New Labour Code [2020] and Regulations | UPSC

New Labour Code [2020] and Regulations | UPSC


Changes in labour laws

      WHY IN NEWS:

What does the new Industrial Relations Code say? How does it affect unions and the right to strike?

MINISTRY? :- Ministry of Labour and Employment
SYLLABUS COVERED: GS 2 : 3 : Bills : DPSP : Wages : Remunerations


For PRELIMS it is important to understand the major provisions of the New Labour Code 2020.

For MAINS concentrate on concerns and changes in the code from 2019 . Let us dive in !


Three Codes on labour law were passed by Parliament this week, amid strident criticism and vociferous protests by many trade unions.

  • The Codes on industrial relations brings social security, occupational safety, health and working conditions amalgamated.
  • These labour code replace several diverse laws on the subject.
  • Last year, a separate Code on Wages was enacted.
  • The Codes enacted now are modified versions of the Industrial Relations Code Bill introduced in 2019.

Among these, the Industrial Relations Code is touted as one that would energise industry and spur economic activity.

  • Industrial Relations Code aims to free employees from the constraints of earlier labour laws.


The Industrial Relations Code combines the features of three erstwhile laws —

  • The Trade Unions Act, 1926.
  • The Industrial Employment (Standing Orders) Act, 1946.
  • The Industrial Disputes Act, 1947.


It defines ‘workers’ to include, besides all persons employed in a skilled or unskilled, manual, technical, operational and clerical capacity, supervisory staff drawing up to ₹18,000 a month as salary.

  • It introduces ‘fixed term employment’, giving employers the flexibility to hire workers based on requirement through a written contract.
  • Fixed term employees should be treated on a par with permanent workers in terms of hours of work, wages, allowances and other benefits.

Fixed term employees can also avail statutory benefits such as gratuity.

  • They should be allotted periods and hours of work, holidays, pay days etc.
  • The employee shifts, attendance, conditions for leave, termination of employment, or suspension is subjected to redressal of grievances.


  • Earlier, the 2019 Bill applied this to units with 100 employees or more.
  • The threshold has been raised to 300 in the 2020 Code.
  • The Code says any establishment that employs 300 or more workers must prepare standing orders relating to classification of workers.

It confers on the ‘appropriate Government’, that is the Centre or the State governments, the power to exempt, with or without conditions, any industrial establishment.


  • Where there is more than one trade union in an establishment, the sole negotiating union status will be given to the one that has 51% of the employees as its members.
  • It has been brought down from the 75% requirement in the 2019 version.

New Labour Code UPSC

New Labour Code UPSC

  • Where no union qualifies under this criterion, the employer must constitute a ‘negotiating council’ .
  • This will consist of representatives drawn from the various unions, with only those with at least 20% of employees as its members.

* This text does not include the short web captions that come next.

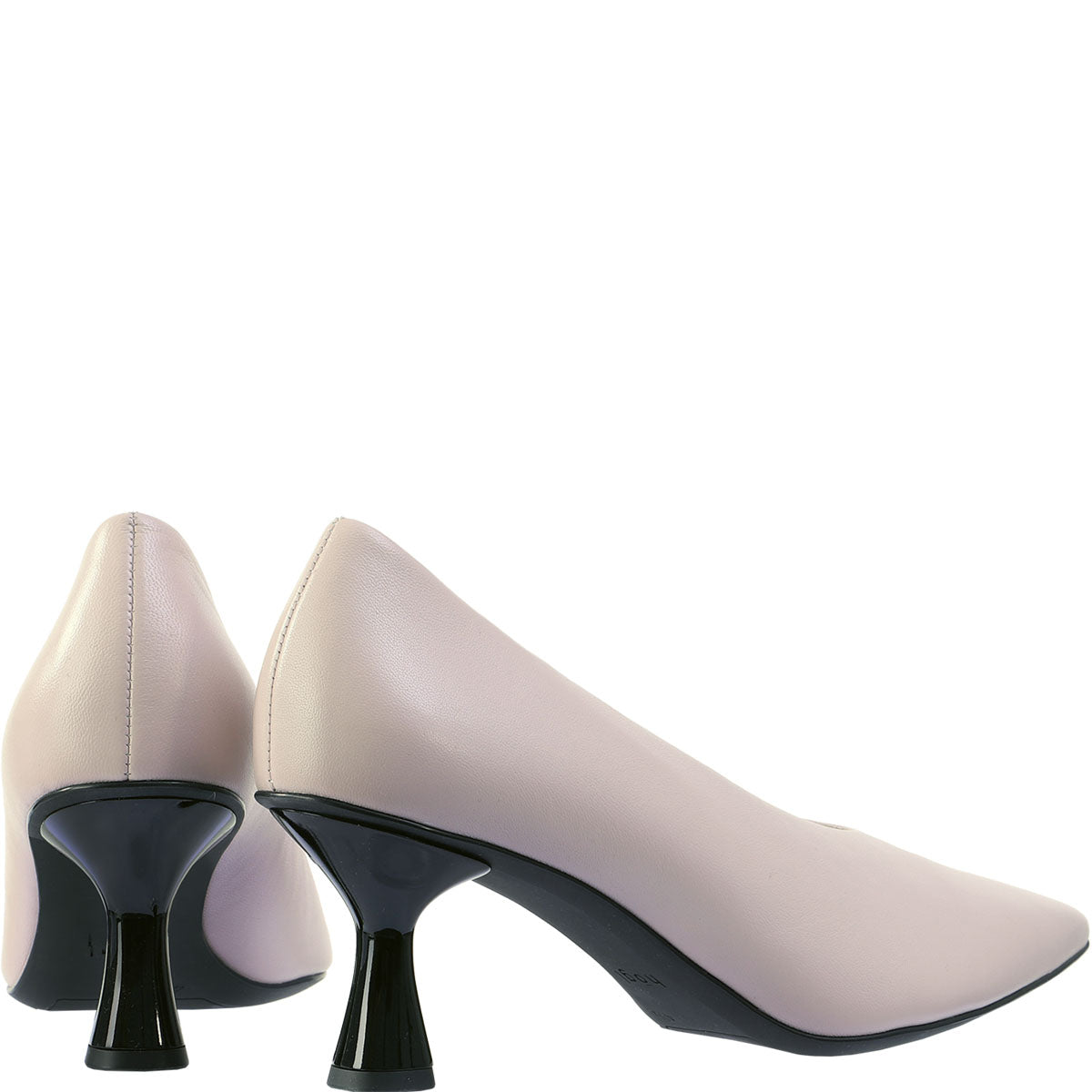 Grey Leather Contrast Heel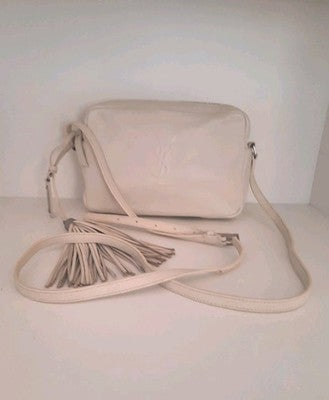 YSL Saint Laurent Lou Camera Shoulder Crossbody Handbag Small Size White Colour.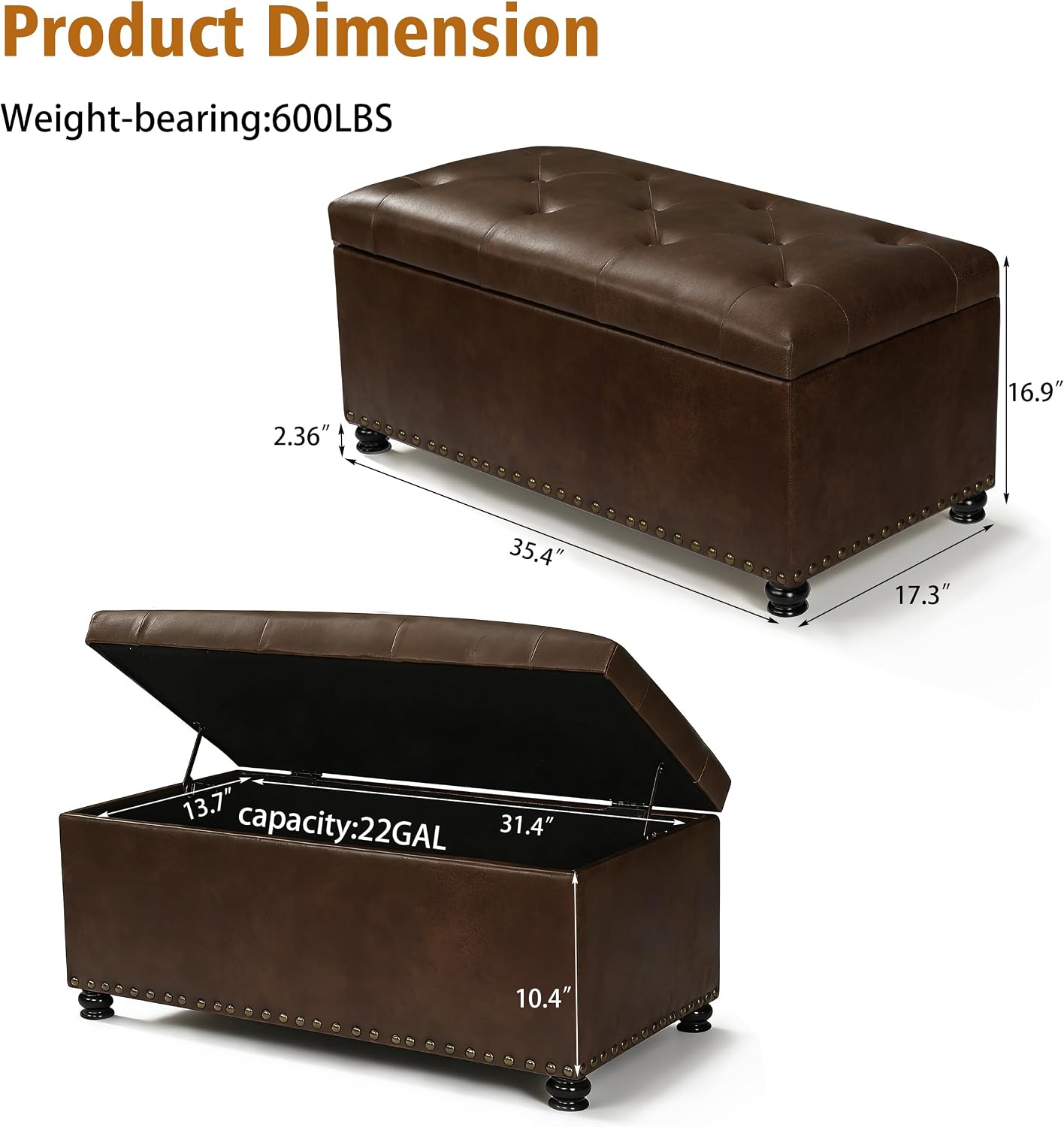 Joveco Storage Ottoman Bench 35" Faux-Leather Rectangular Tufted Ottomans Storage Room Organizer (Caramel)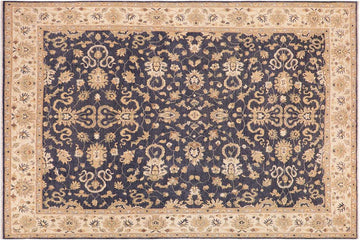 handmade Transitional Kafkaz Drk. Gray Ivory Hand Knotted RECTANGLE 100% WOOL area rug 10 x 14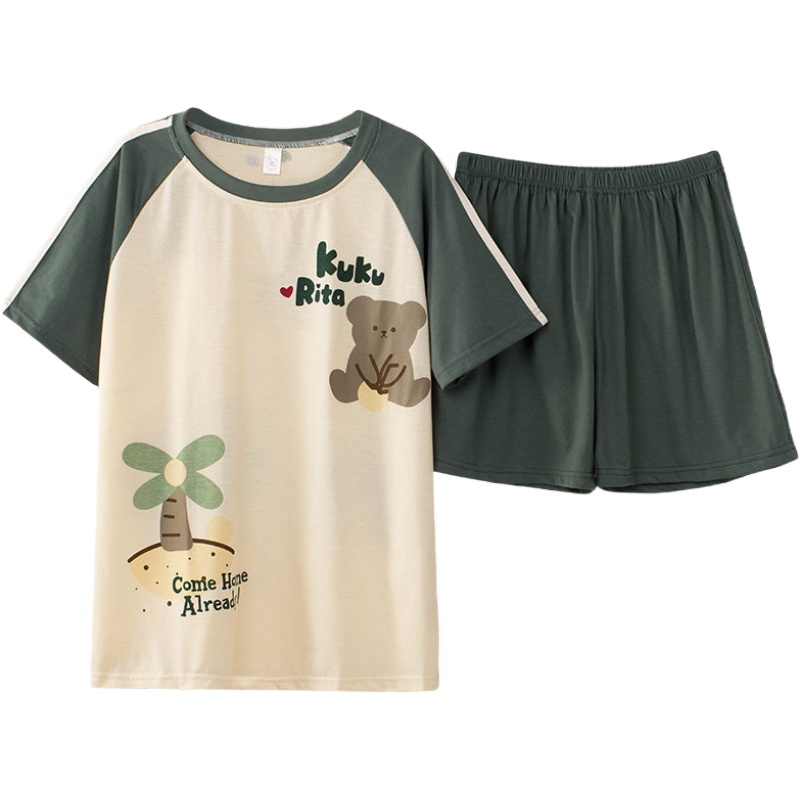 俞兆林睡衣女夏季套装女日系学生短袖春夏2020可爱卡通家居服套装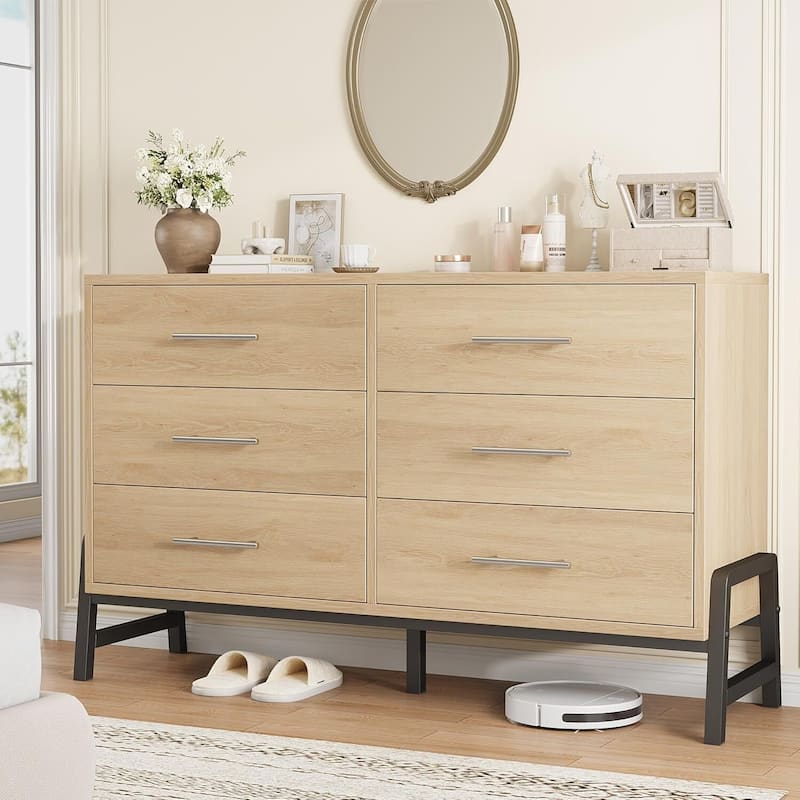 52" Wide 6 Drawer Dresser for Bedroom, Entryway - Natural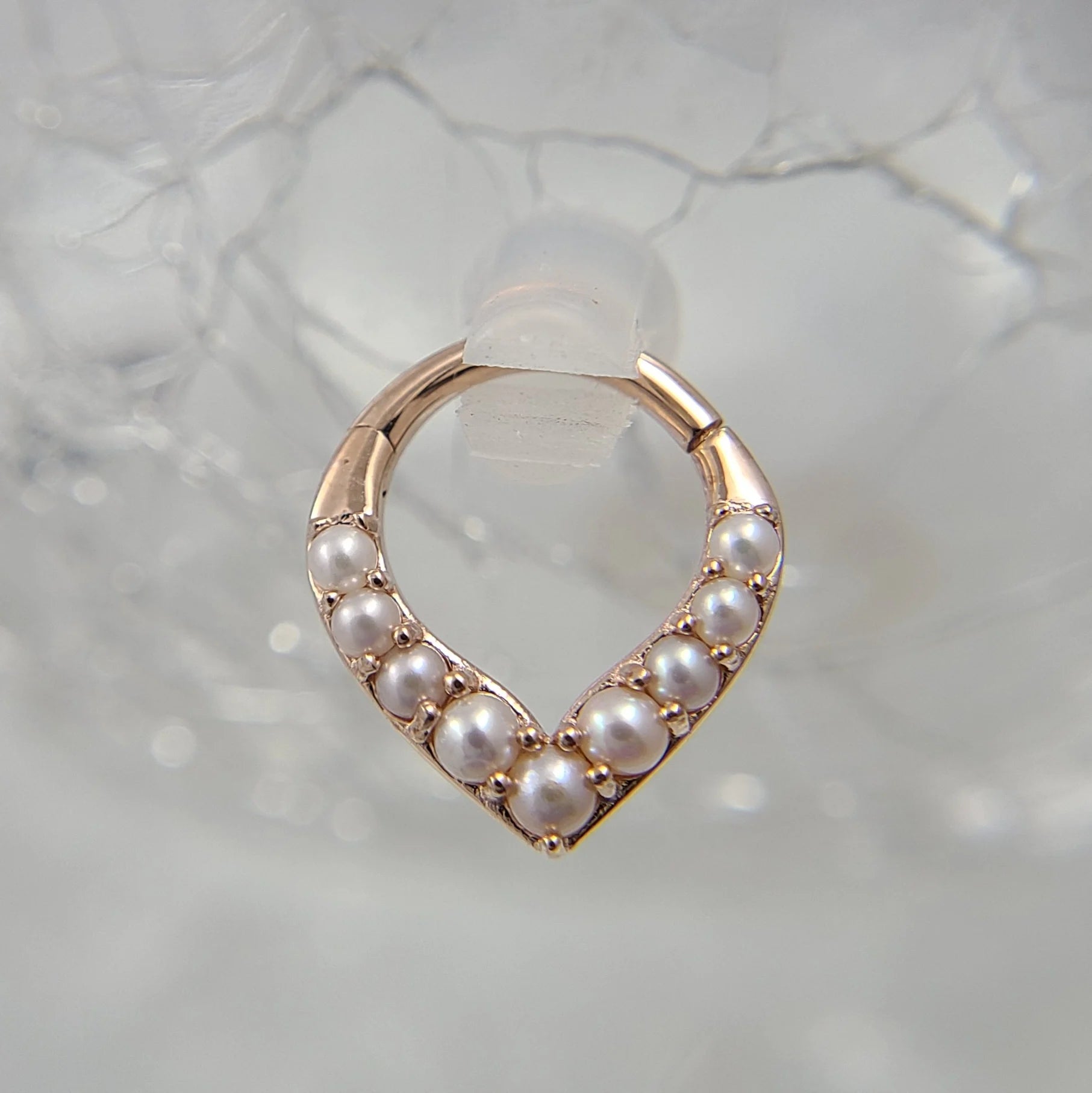Rise + Shine – Pearl – 14K Gold Clicker Ring - piercing - zone.com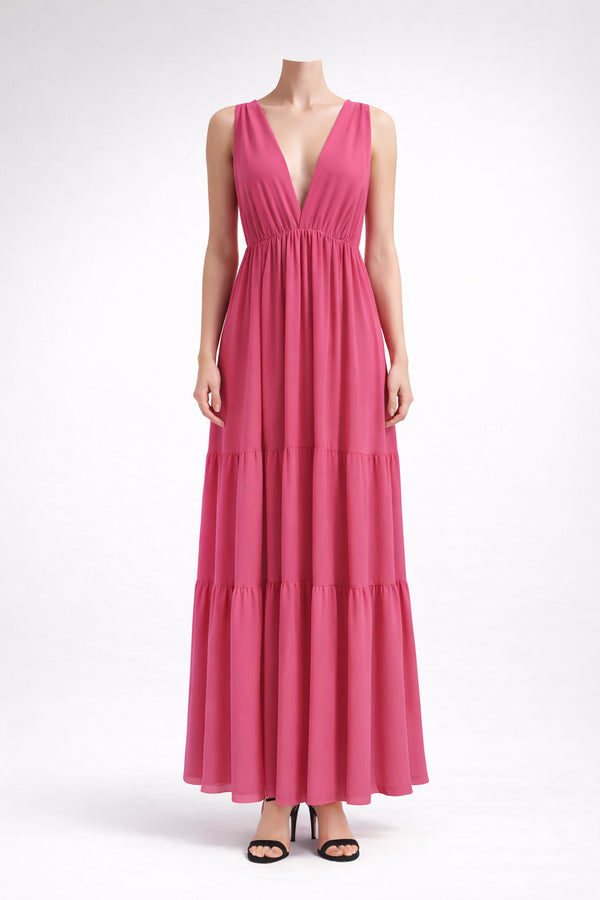 Seven Sins - Elegant Fuchsia Maxi Dress Deep V Back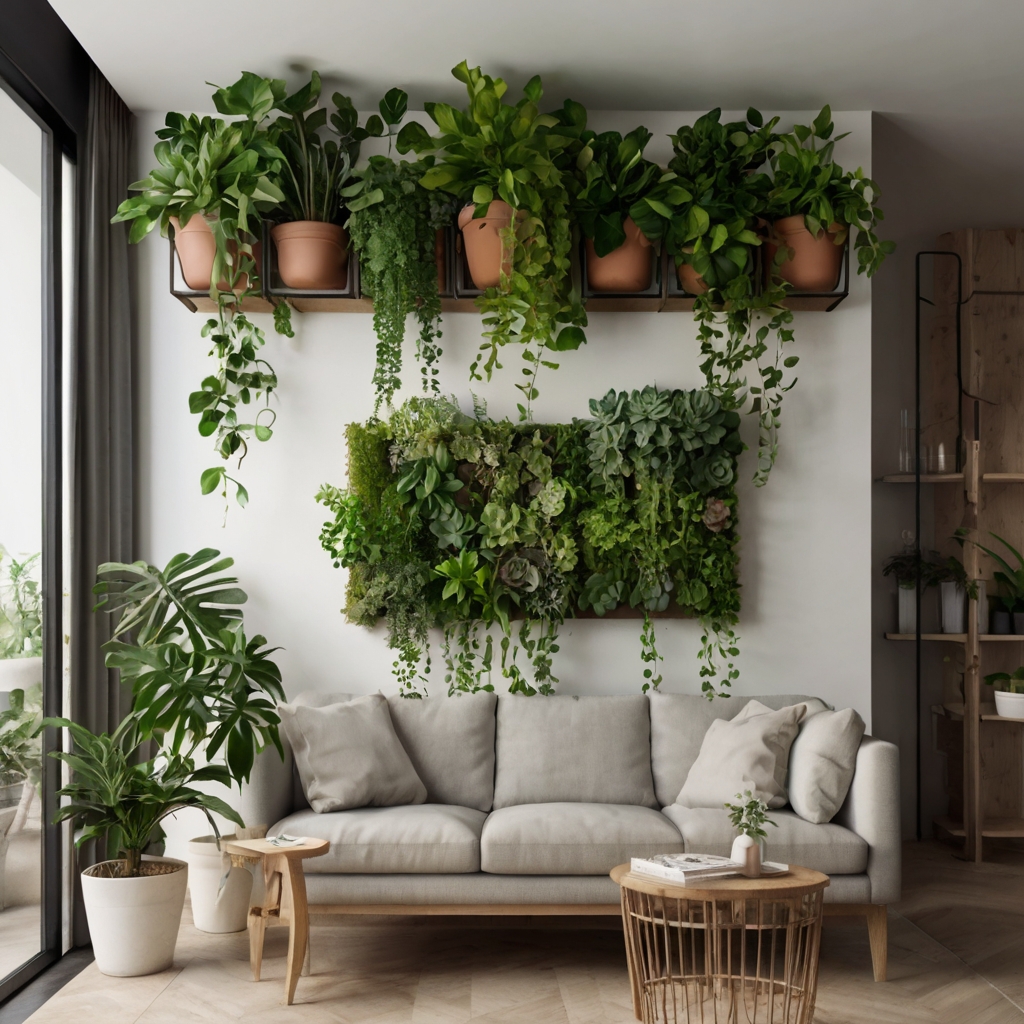 A charming small apartment with wall-mounted planters and hanging pots. Lush greenery contrasts beautifully with the neutral decor.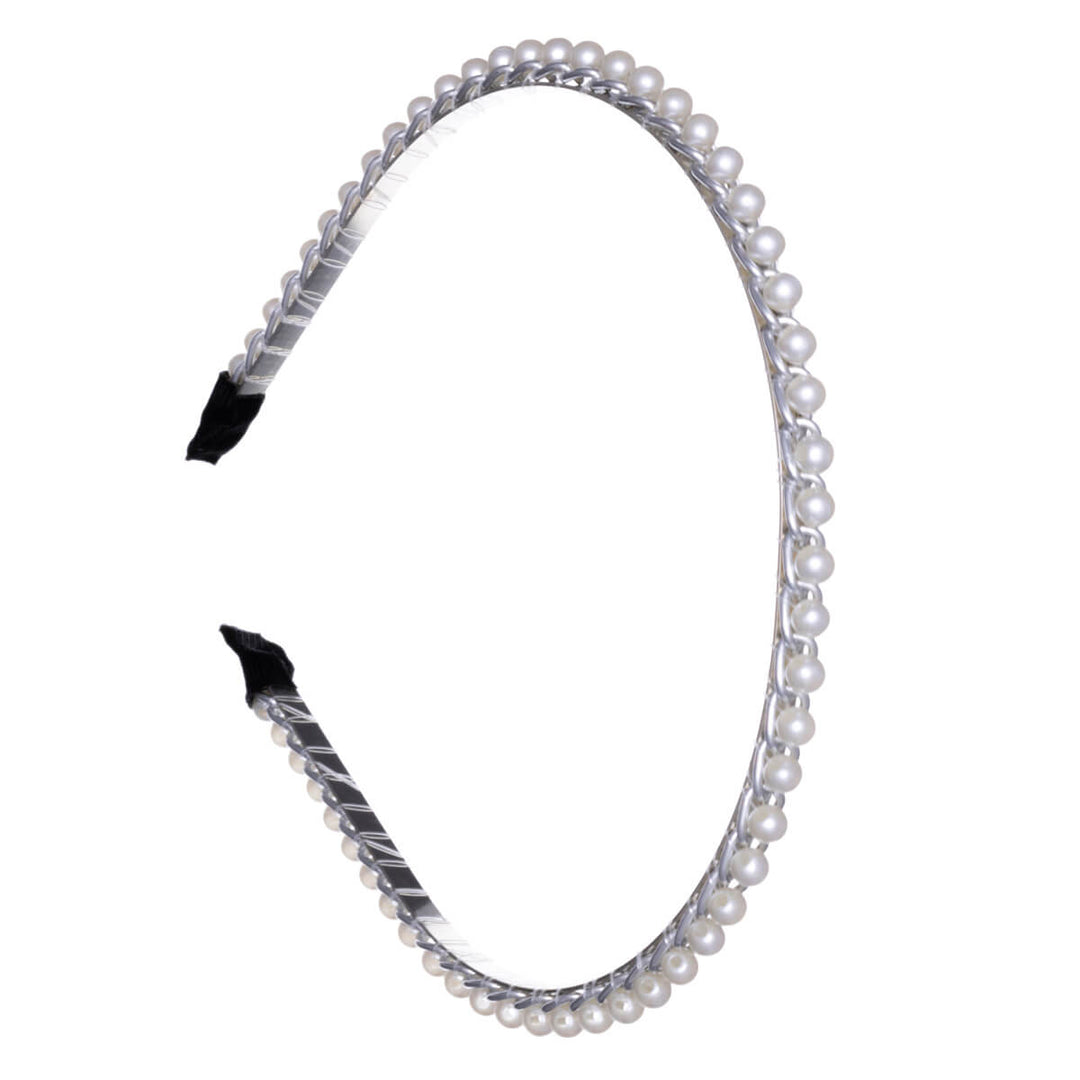 Kedja pärla halsband pärla hårspänne 6mm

  • Prior permission of the government is needed for lay-off, retrenchment and closure .
  • These are made applicable to only establishments that had employed 300 or more workers .

The Code also allows the government to raise this threshold by notification.

  • A lay-off would be deemed illegal if it is effected without permission or is done despite refusal of permission.
  • It will not be illegal if the employee had been offered alternative employment or cause undue hardship.
  • The Code prescribes notice period and prior permission before retrenchment of anyone who has been in continuous service for a year or more.
  • Such a prior permission requirement is in place also for closure of a unit, with the application to be filed 90 days prior to the intended closure.


The Code prohibits strikes and lock-outs in all industrial establishments without notice.

  • No unit shall go on strike in breach of contract without giving notice 60 days before the strike.
  • The code also permit strike within 14 days of giving such a notice, or before the expiry of any date given in the notice for the strike.
  • Further, there should be no strike during any conciliation proceedings, or within seven days of the conclusion of such proceedings.

The code prohibits strike during proceedings before an industrial tribunal or 60 days after their conclusion or during arbitration proceedings.

  • Similar restrictions have been given on the employer from announcing a lock-out.

      IASbhai WINDUP: 

  • The Industrial Disputes Act, 1947, had placed such restrictions on announcing strikes only in respect of public utility services.

However, the present Code extends it to all establishments.

  • Even the Standing Committee on Labour had favoured limiting these provisions to public utilities.